Thanks for providing extra technical detail. However, I'm more curious with what's happening on the backend.

As far as I can tell, the your differentiation from something like MS Sharepoint or DropBox is an integrated OCR to extract keywords, and Artificial Intelligence to help filter (or "screen" as your landing pages call it). Is there more to your special sauce that I have overlooked?

Also, where are you storing customers' data? Amazon S3? In house servers? Are you using something like ElasticSearch or did you build your own search engine?

1 comments

Dropbox is really great for storing and syncing files across devices. It doesn't have a rich set of pre-built filters, you can only store files, not mixed content including links, contacts, etc. So, Shelf is really a complementary solution for Dropbox and can sit on top of it, combining the Dropbox content with other content from a single interface.

Sharepoint is of course very powerful. And that means you typically need a project to make it work. Shelf works out of the box, is opinionated and let's you get started with minimal to no configuration setup.

Yes, we use Amazon S3 for content uploaded to Shelf (encrypted of course) and we utilize ElasticSearch as well.

You needn't be all that specific, but how do you securely search the encrypted data?
Data is secured at rest and in transmission. We take every measure available in Elastic to secure the search indexes themselves.
Ah, so the indexes are secured - but are they encrypted?

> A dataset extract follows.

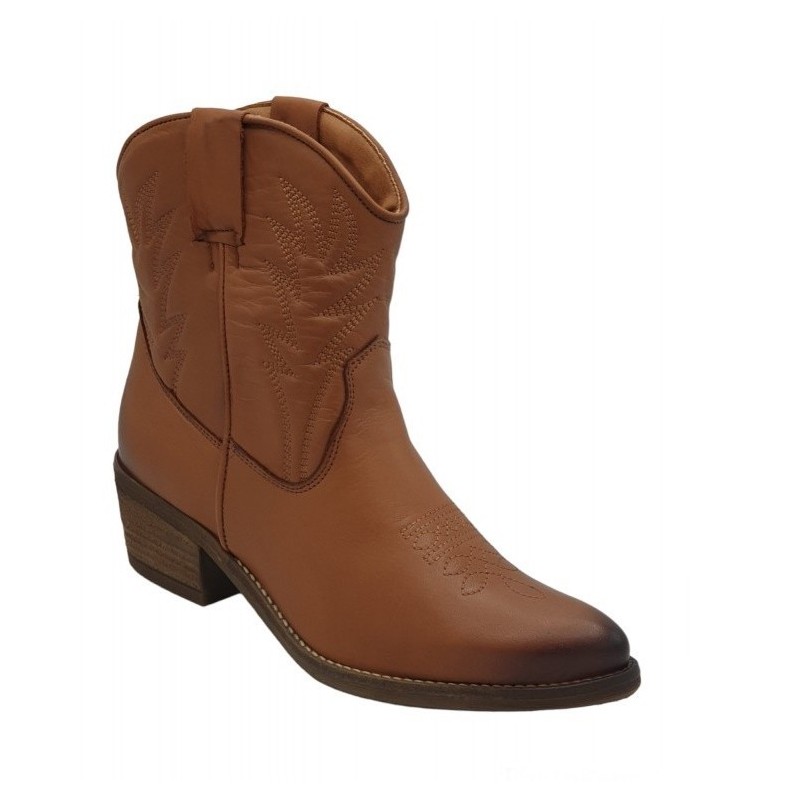 Bota Mujer Cowboy Media Caña Piel Cuero Con Cremallera En Lateral.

You don't need to answer. It's okay. I'm largely asking because I've been thinking about writing an series of essays on the subject of security and one of the topics I have taken some notes about is searching encrypted data.

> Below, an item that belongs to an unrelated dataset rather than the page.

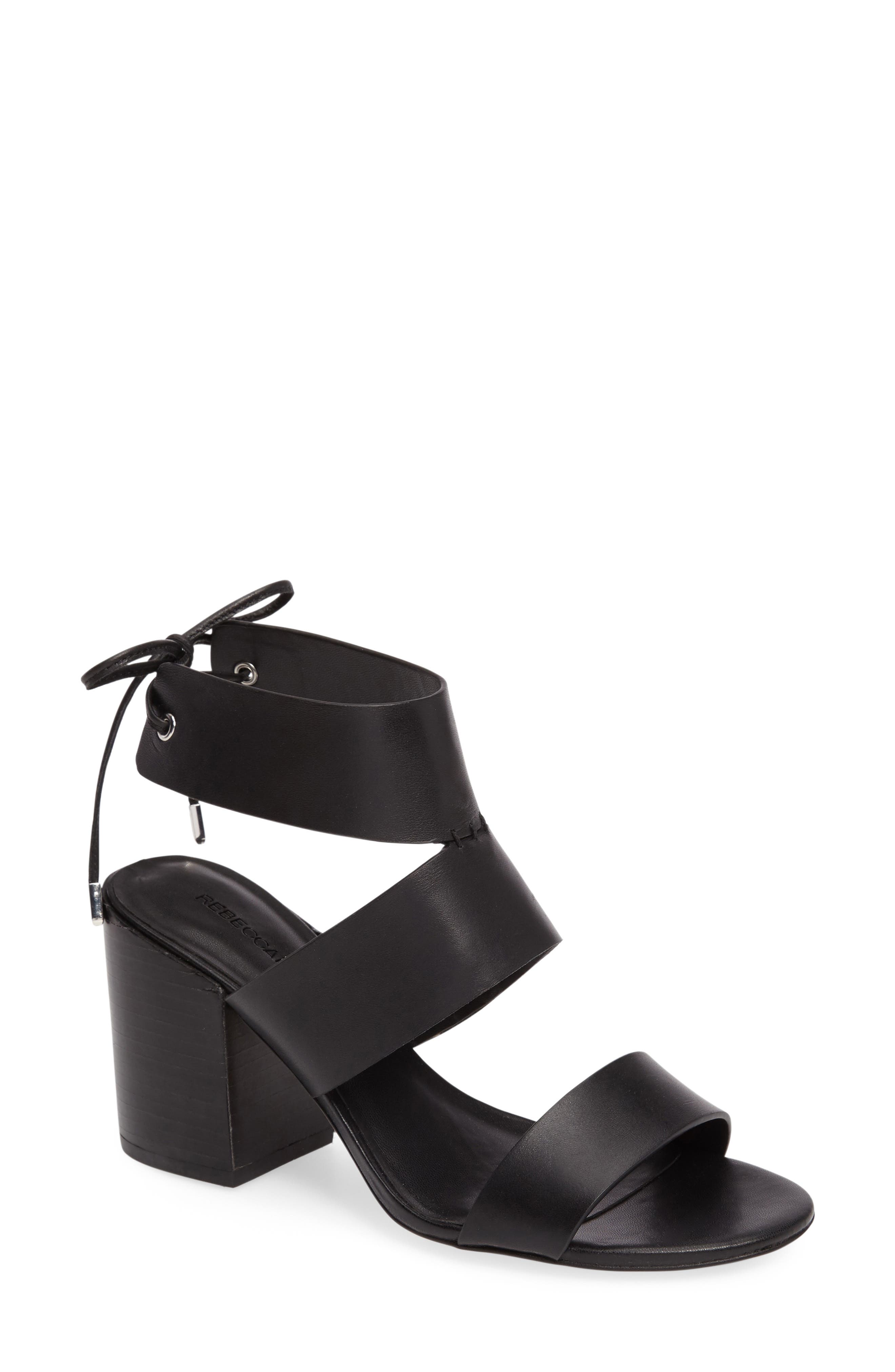 'Christy' Ankle Cuff Sandal, Main, color, BLACK VACHETTA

If the index isn't secure, it kind of defeats the idea of encryption - someone need only make off with the index and be able to draw some conclusions. More so if it's relational.

There are different ways that some go about this, one is the hash with individual words with a unique salt and search for the hashes, but that has its own set of problems, like the ability to eliminate words like 'the' and 'it' from search queries. Well, at least computationally easy.

So, it's purely for my own curiosity that I ask. I imagine it might be doable to load it into RAM, the whole DB - if it's small enough or you have enough RAM, and then do the searches there in an encrypted environment?

I am not so concerned with exfiltration by 'hackers' so much as I'm concerned with exfiltration by employees. Should I get to writing the essays, that's going to be a central theme - protecting data from rogue employees with the increased use of cloud services in today's business environment.

Again, I'd not want you to feel obligated to release anything proprietary or anything that would compromise your security.